Поисковые работы над авиационными турбинами в СССР начались в начале тридцатых годов и велись совершенно [168] самостоятельно, независимо от зарубежной конструкторской мысли. Да иначе и быть не могло: во всех странах создание газотурбинного двигателя велось в условиях полной секретности.

В начале тридцатых годов конструкторы Москвы, Ленинграда, Харькова получили задание спроектировать мощные авиационные турбины. Они понадобились для больших самолетов Туполева.
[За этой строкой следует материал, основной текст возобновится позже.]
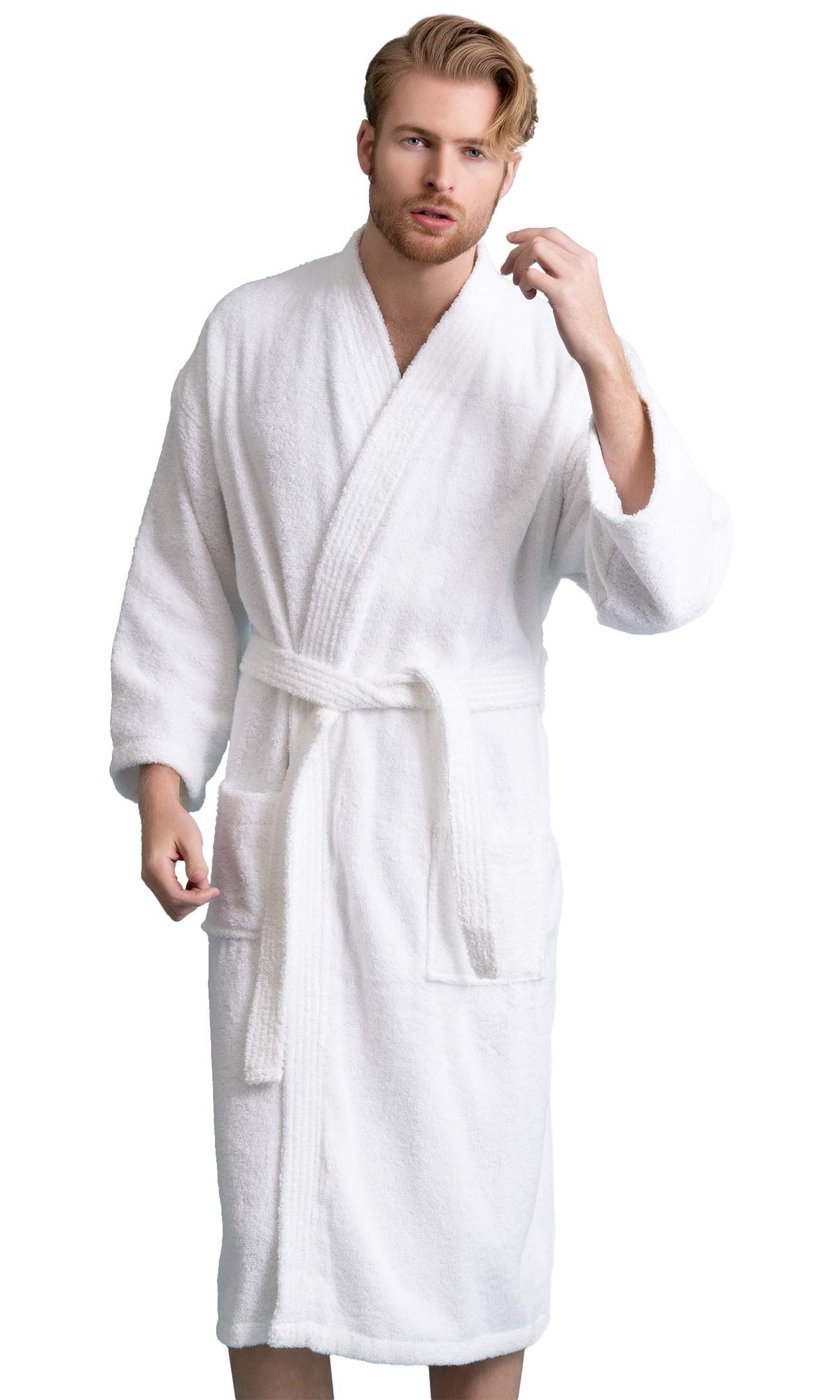 Men's Kimono Bathrobe, 100% Turkish Cotton Terry, Absorbent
Выполняя это задание, конструкторы пошли путем, казавшимся тогда многим наиболее обещающим, путем создания паровой турбины. «Паровой двигатель в авиации», «Самолет под парами» – с такими названиями выходили книги, печатались статьи. Пять лет ушло на разработку авиационной паротурбинной установки ПТ-1, но… по мере роста скоростей самолетов росли и мощности охладителей, конденсировавших отработанный пар. Все преимущества паротурбинных двигателей сводились на нет.

Вместе с конструктором В. М. Петляковым, профессорами Л. К. Рамзиным и М. В. Кирпичевым, Семен Алексеевич Лавочкин входил в Государственную комиссию, которая в 1937 году после стендовых испытаний паротурбинной установки ПТ-1 вынесла, по существу, авиационный паровой турбине смертный приговор.